Sfb288 logo Sfb 288 Differential Geometry and Quantum Physics

Bonnet Surfaces
in Euclidean 3-space


In surface theory the compatibility conditions that ensures the integrability of the moving frame equation are of main interest. Are they dedundant or at all necessary? This problem was the starting point for O. Bonnet to ask, whether a surface is define by just its metric and the mean curvature. In particular if a surface can be smoothly deformed by preservation of the mean curvature (as it is possible for CMC surfaces, surfaces of revolution, cylinders and circular helicoids) these both informations are not enough, to determine the surface.
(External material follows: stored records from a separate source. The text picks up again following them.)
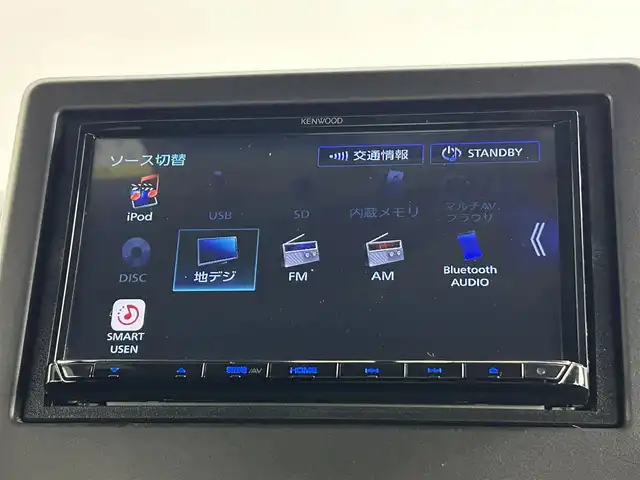 ホンダ Ｎ ＢＯＸ カスタム L 道央・札幌 2022(令4)年 2.4万km メテオロイドグレーメタリック ・４WD/・寒冷地仕様/・社外メモリーナビ/　CD/DVD/SD/BT/フルセグ/・バックカメラ/・前後ドライブレコーダー/・ホンダセンシング/・クルーズコントロール/・レーンキープアシスト/・クリアランスソナー/・左側パワースライドドア/・前席シートヒーター/・ミラーヒーター/・純正LEDヘッドライト/・フォグライト/・オートライト/・プッシュスタート/・スマートキー/・一体型エンジンスターター/・純正フロアマット/・ドアバイザー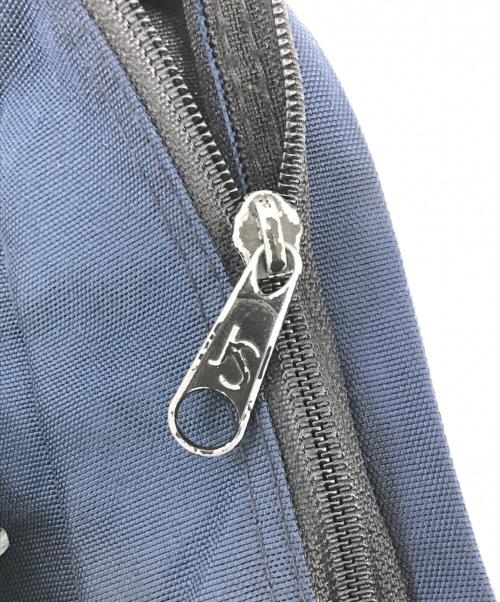 JANSPORT（ジャンスポーツ）JANSPORT (ジャンスポーツ) リュックの古着・服飾アイテム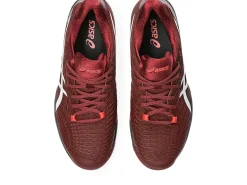 ASICS SOLUTION SPEED FF 2-Men Tennis|Tennis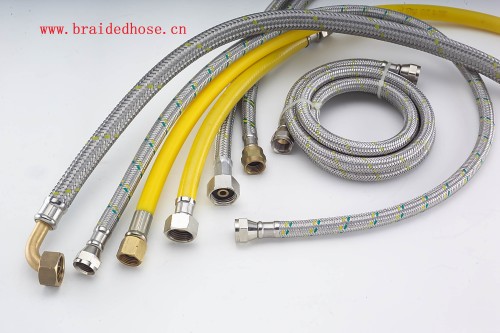 Flexible Hose
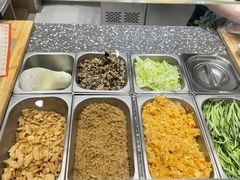 -米陀饭团•紫菜包饭(中华广场店)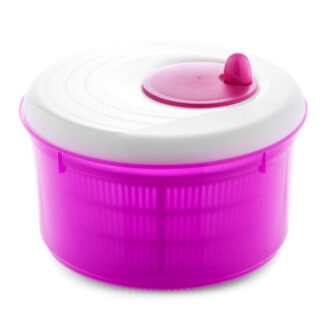 CENTRIFUGA INSALATA SPRING          cm 24 MELICONI 111249 CENTRIFUGHE INSALATA         C MELICONI
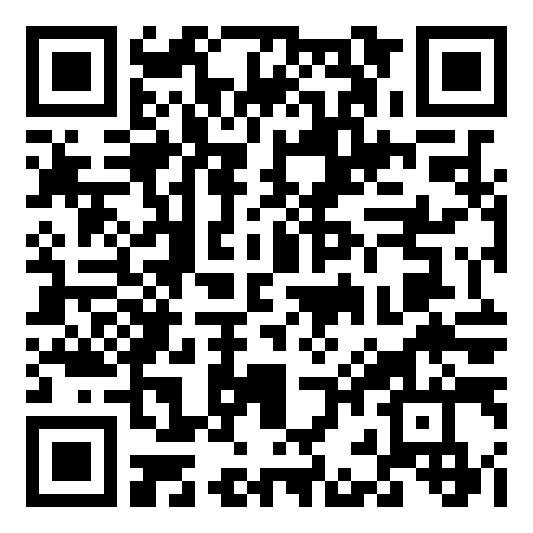 kod QR z danymi kontaktowymi 12250500400000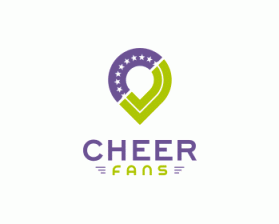 Cheer Fans entry by tina_t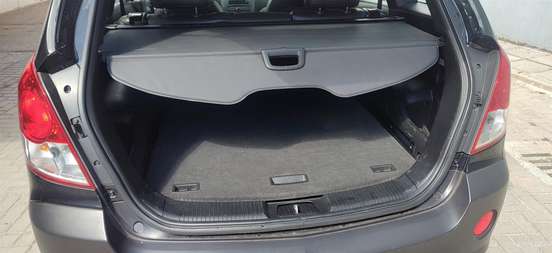 CHEVROLET-CAPTIVA-2011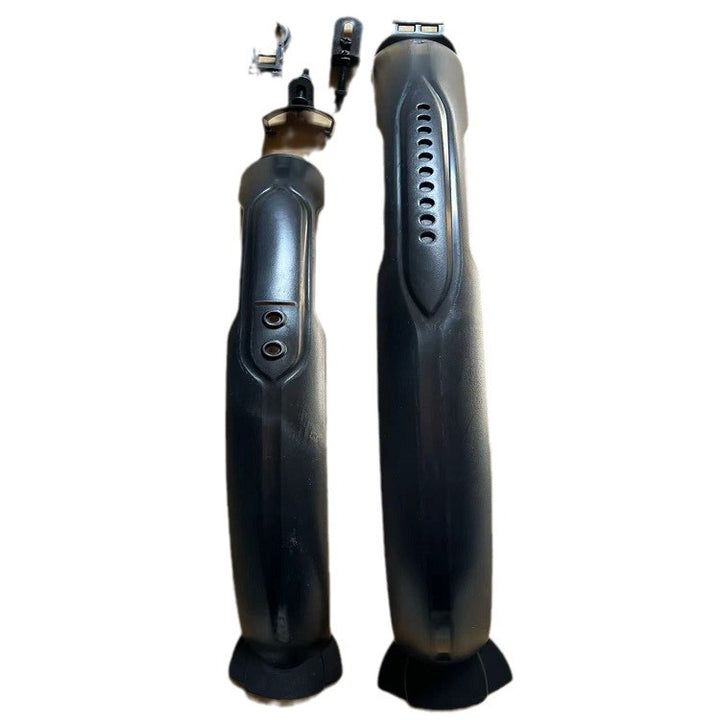 Durable Adjustable Bicycle Mudguard Set Kalsten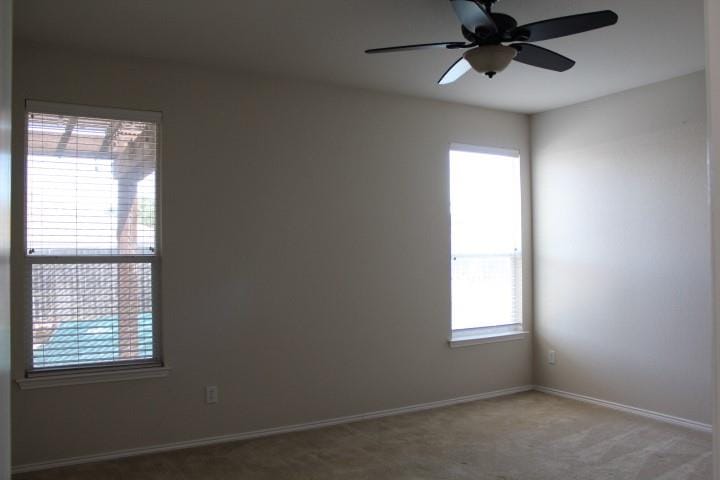 1227 Eagles Nest Trail, Krum TX 76249 - Photo 11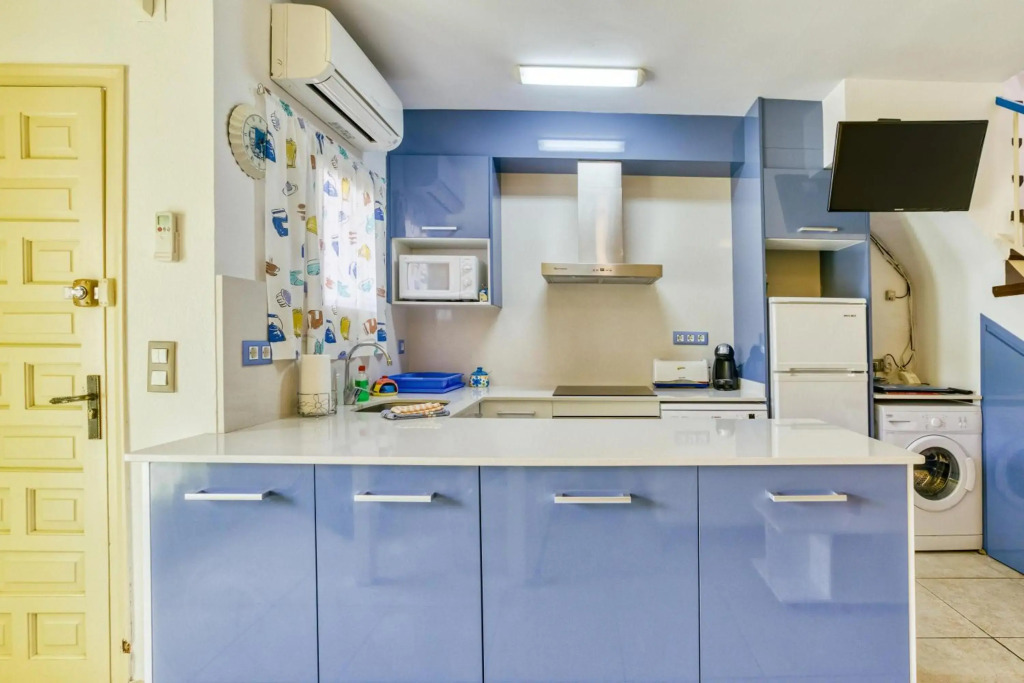 Apartamento Roses Victor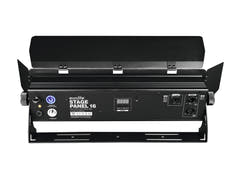 EUROLITE Stage Pannello 16 HCL LED
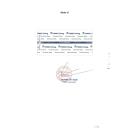 thuoc pitorix 30mg 4 B0127 130x130px
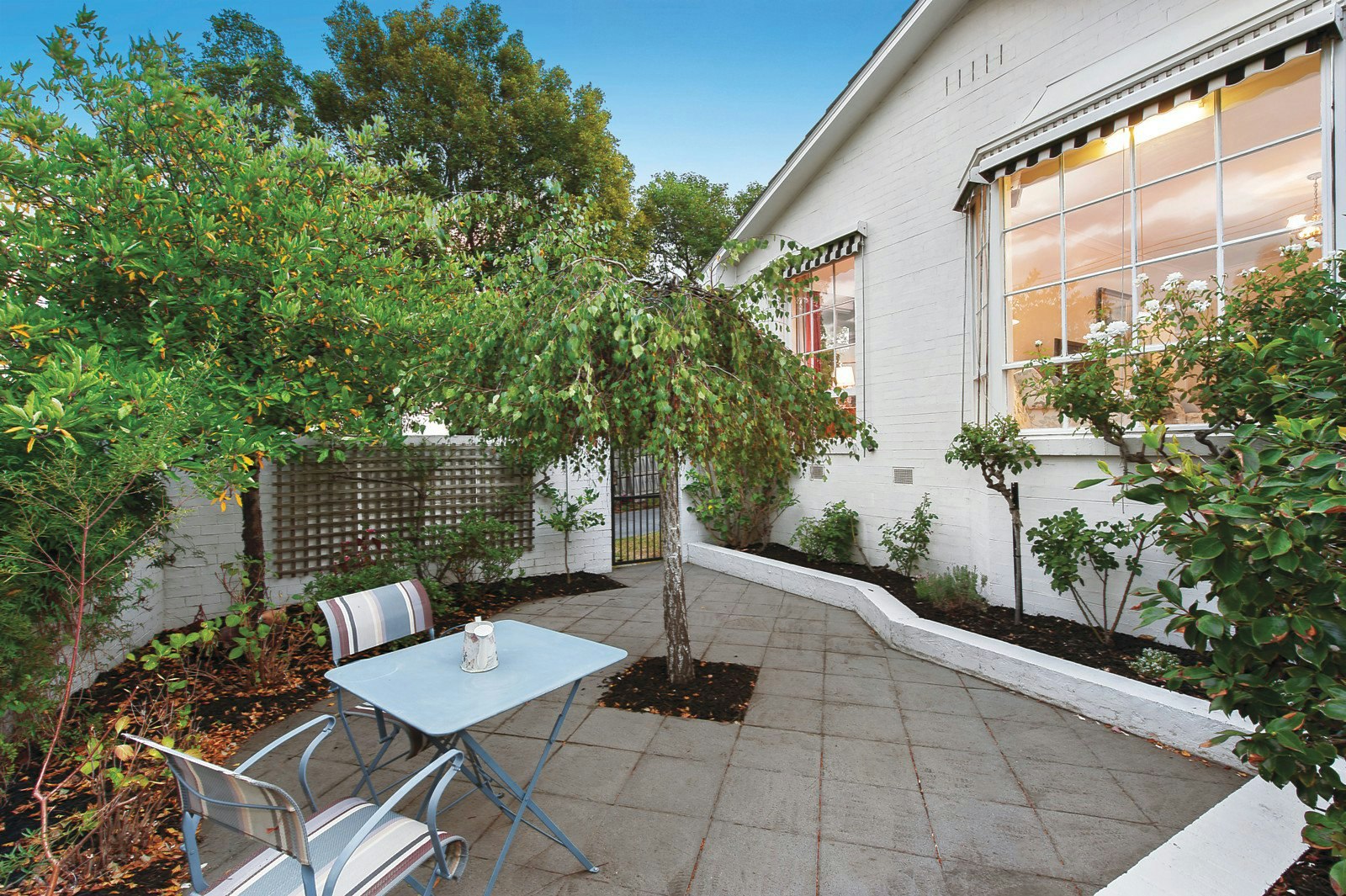 1/488 Camberwell Road, Camberwell, VIC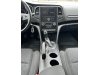 Slika 5 - Renault Megane 1,33 LIMITED  - MojAuto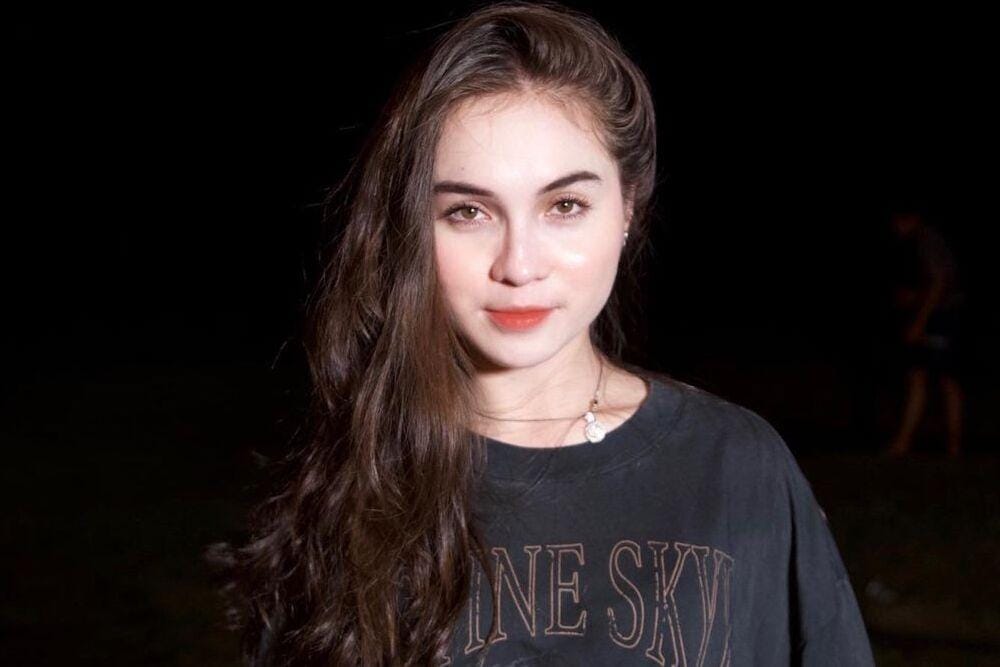 Instagram/elinaaaaajoerg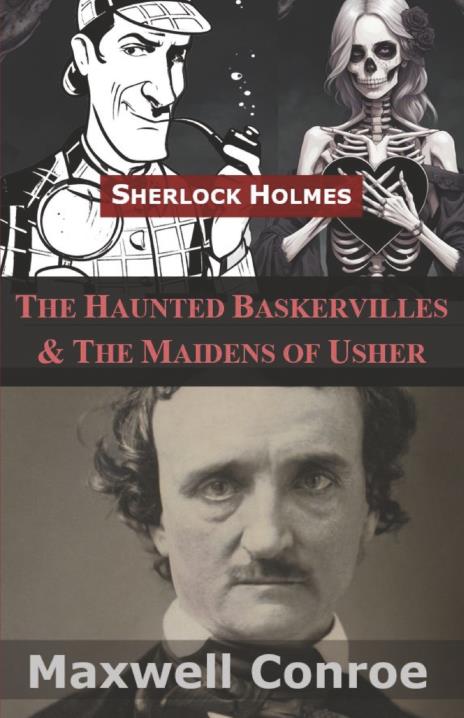 Book Image Not Available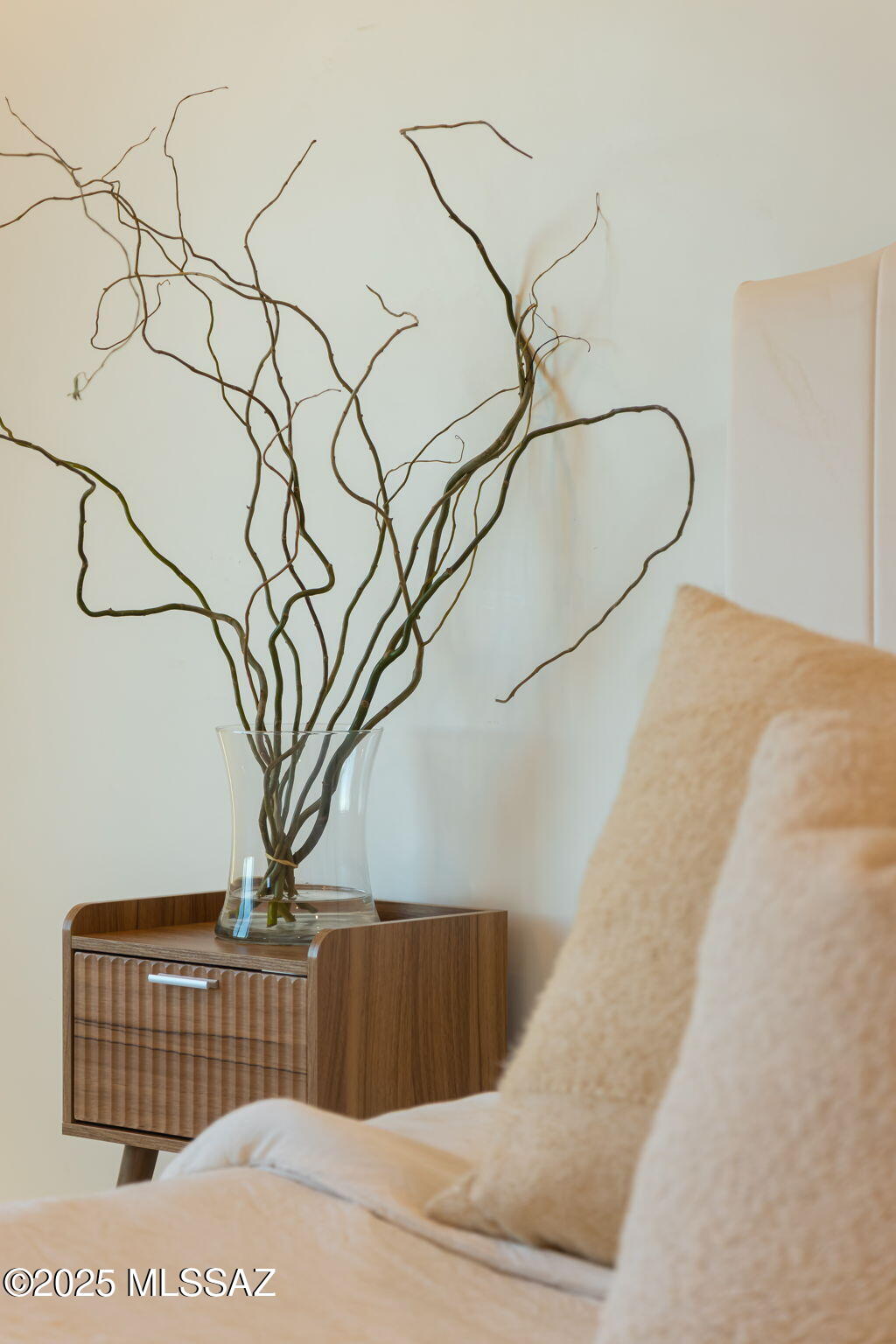 Santa Catalina Estates NO. 4 (1-180) - Residential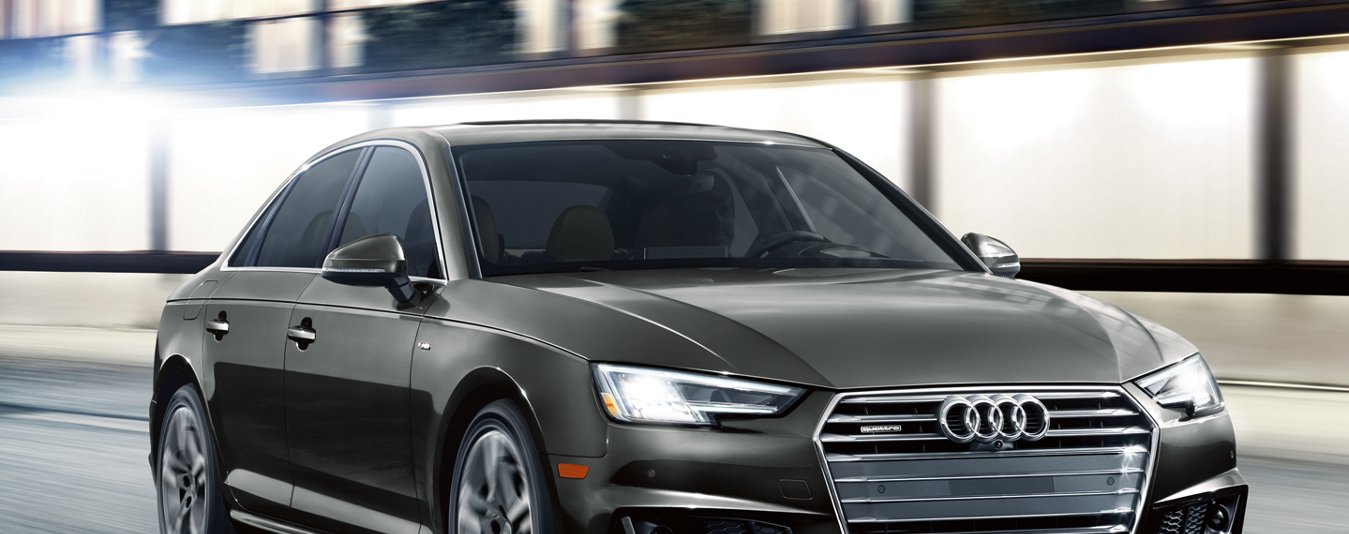 2017-Audi-A4-exterior-2.jpg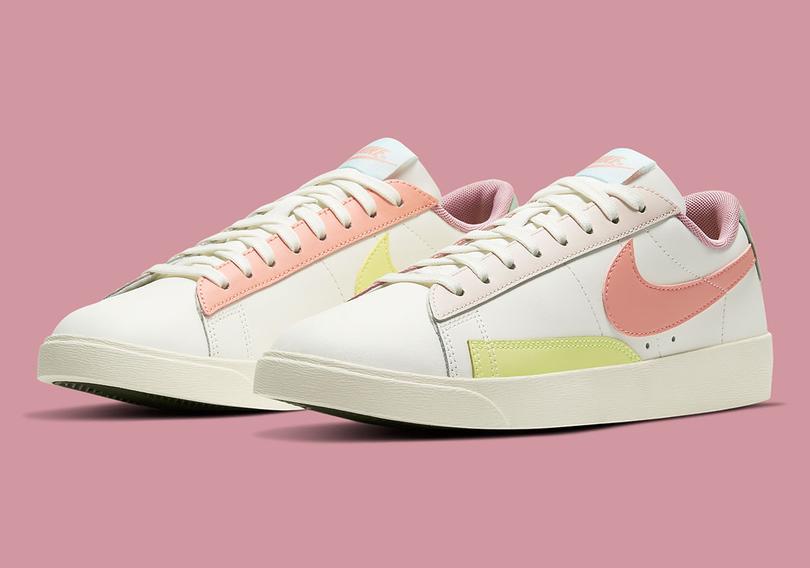 nike-blazer-low-se-wmns-sail-DJ003-161-8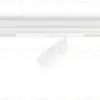 Трековый светодиодный светильник Ambrella Light Track System GL1625 GL1625 - 3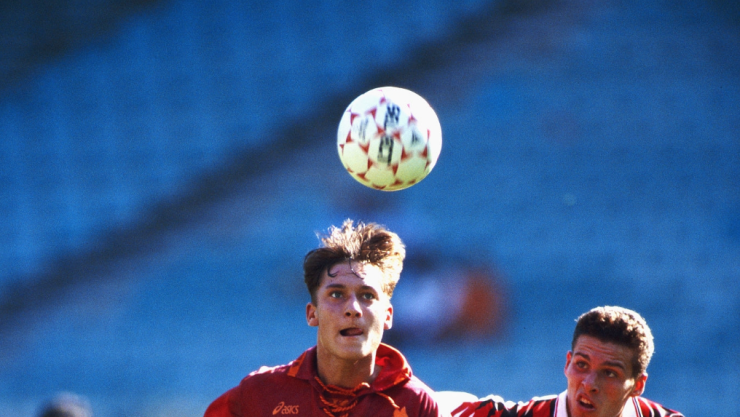 FRANCESCOTOTTI1994.png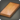 Skybuilders plywood icon1.png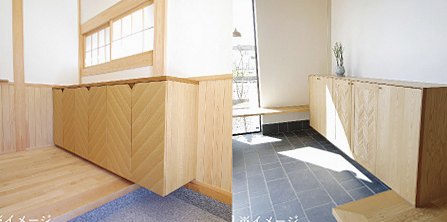 Furnidesignlab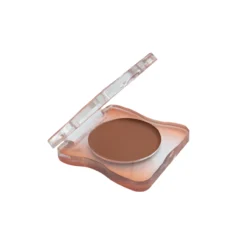 Bronceador en Crema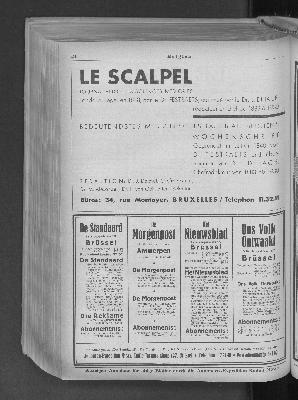 Vorschaubild Seite 454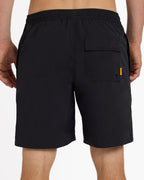 uqmjv03008_quiksilver_kvj0_bck6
Are there beyond the above examples more such surfaces?
This is the classical problem, of O. Bonnet and surfaces beyond the above examples are called - reminding to him - Bonnet surfaces. The answer to Bonnets question is yes, but somehow the answer is somehow positive: the families of surfaces that might exist are only single surfaces up to some maybe existing exception surfaces. Moreover this exceptional surface are either cylinders, surfaces of revolution or circular helicoids. So, even this "worst case" - a whole family of isometric surfaces with the same mean curavture - is finally a "nice case".


Bonnet Surface of Type B.

In 1994 Bobenko and Eitner showed that all these surfaces can be parametrized in terms of Painleve functions. Even though the differential equation that is to solve was known since more than 100 years it was surprising that there exist a reduction to some particular Painleve equations, which was found because of a very significant structure of the moving frame equation. Each Painleve equation can be expressed as the compatibility condition of a certain linear system.
Later Eitner showed that by use of the so-called Schlesinger-transformation one can get new Bonnet-surface from a known one.